> _WHAT YOU HAVE TO DO_
Would you please transcribe, exactly as written, the lines of the entries below starting at the one that holds "Little Bear's Trousers" and ending at the one that holds "Silver surfer marvel", both included?

----- RECORDS PROVIDED

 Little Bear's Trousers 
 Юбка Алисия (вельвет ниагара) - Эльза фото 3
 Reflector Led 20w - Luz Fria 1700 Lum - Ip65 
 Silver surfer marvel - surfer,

----------
----- RECORDS PROVIDED

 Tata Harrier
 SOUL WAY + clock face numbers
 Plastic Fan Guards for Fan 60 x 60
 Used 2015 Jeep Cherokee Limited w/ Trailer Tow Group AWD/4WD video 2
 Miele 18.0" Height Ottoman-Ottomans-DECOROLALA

----------
----- RECORDS PROVIDED

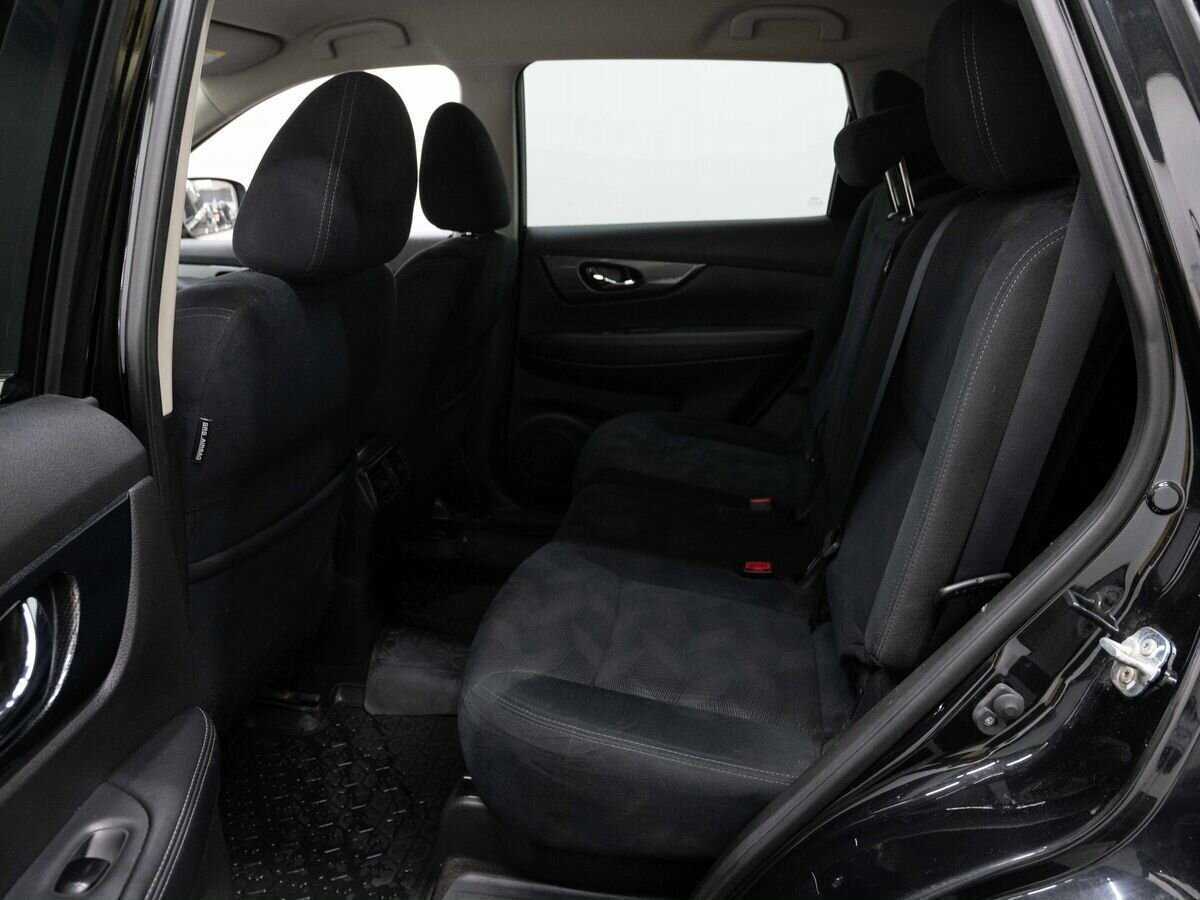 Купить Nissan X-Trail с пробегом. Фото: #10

----------

> _SOLUTION BELOW_
 Little Bear's Trousers 
 Юбка Алисия (вельвет ниагара) - Эльза фото 3
 Reflector Led 20w - Luz Fria 1700 Lum - Ip65 
 Silver surfer marvel - surfer,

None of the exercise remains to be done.